Engaging with work by these artists feels totally acceptible. But how might the way we look at older plastic objects d’art be informed by today’s discourse? Though it is still essential, plastic is on its way to becoming a recherché substance, like asbestos. It was during the same recent Frieze Week that I also loved work by the American artist Craig Kauffman (1932-2010), who hadn’t, at that point, been exhibited seriously in London since 1967. But the Sprüth Magers show Crossroads: Kauffman, Judd and Morris in Mayfair affords us an opportunity to look at what some of the first plastic art means in a post-plastic cultural shift.
This minimally presented show about minimalism (most works are untitled; there are no wall blurbs) has a brilliantly dissociative quality, as if it is about a civilization to which the key to understanding has been lost. There is also an innocence to it. One untitled work by Kauffman is a large folded piece of plastic with which you might line a school exercise book. Light coming through a facing window projects a sophisticated layering onto the wall behind it, and where the acrylic goes from green to orange creates a definite dark line dividing the ghost image behind, separating the colours in a Mondrianesque formation (or, more appropriately––seeing as he was a spiritual forerunner of minimalism––a sort of inverted Rothko, with two tiers of fluorescent colour instead of existential, eye-leeching murk).

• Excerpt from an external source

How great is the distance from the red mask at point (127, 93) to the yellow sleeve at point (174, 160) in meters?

This is art living lightly, temporarily, playing with the picture plane and leaving no trace. When it was made, Kauffman would have had no idea that the thing which created that translucency would one day leave the most trace, or that it is many times more permanent than other artistic materials, which can degrade in a matter of years unless they are kept in careful ecosystems of fixed temperature, humidity and light exposure. Plastic bottles and bags, even in a landfill or the sea, can take 450 to 1000 years to decompose. While some of Kauffman’s works are barely there, some emphasize their durability: the screws that keep them bolted to the wall. A Judd sculpture made of plexiglass reveals supports inside a clear, otherwise empty box. These works want us to know about their hardiness, permanence, man-madeness. Back then, plastics had a great future.
While Warhol had his Factory, these artists were thinking about their art in factory terms, using industrial processes for individual works, framing their work in a lingo of “experiment” and “demonstrations”. In a written announcement from 1970, Kaufmann offers his services for an hourly rate, “plus all travel, materials, construction and other costs”. Their practice from these years had a huge impact on art in the most plastic of decades, the eighties. Jeff Koons. Haim Steinbach, whose “shelves” consist of found objects often including plastic toys. When I interviewed him, I gave him a plastic toy for a potential future shelf.
But the #plasticfree moment has got me thinking about how people might look at these shelves in thirty years. Will they be seen as mounted time capsules, and will this confer upon the works a new aura of reliquary: of disproportionate distance between that present and its past? Or will future generations look at work made of plastic as in some way ethically precarious, in the same way we now think of the wearing of second-hand furs, or certain Victorian paintings of nymphs? For the sake of Kauffman’s legacy, and Steinbach’s, I hope not.